(Available data Opens)

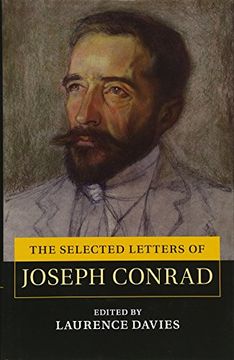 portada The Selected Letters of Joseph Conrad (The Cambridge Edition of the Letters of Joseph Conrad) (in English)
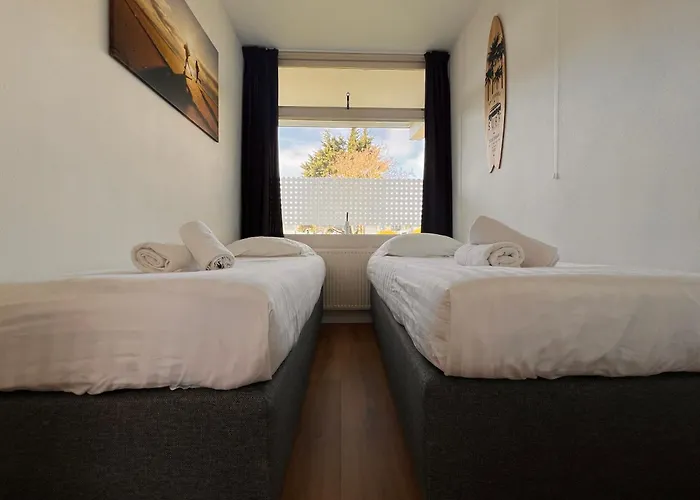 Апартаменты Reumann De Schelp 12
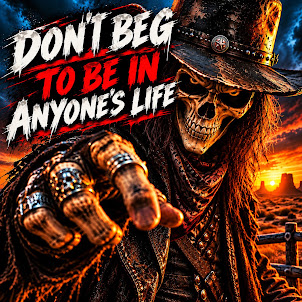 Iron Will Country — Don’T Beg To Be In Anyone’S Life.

(Available data Closes)

**To do**
The response should restate the material above word for word and contain no pictures.

**Answer to the problem**
 portada The Selected Letters of Joseph Conrad (The Cambridge Edition of the Letters of Joseph Conrad) (in English)
 Апартаменты Reumann De Schelp 12
 Iron Will Country — Don’T Beg To Be In Anyone’S Life.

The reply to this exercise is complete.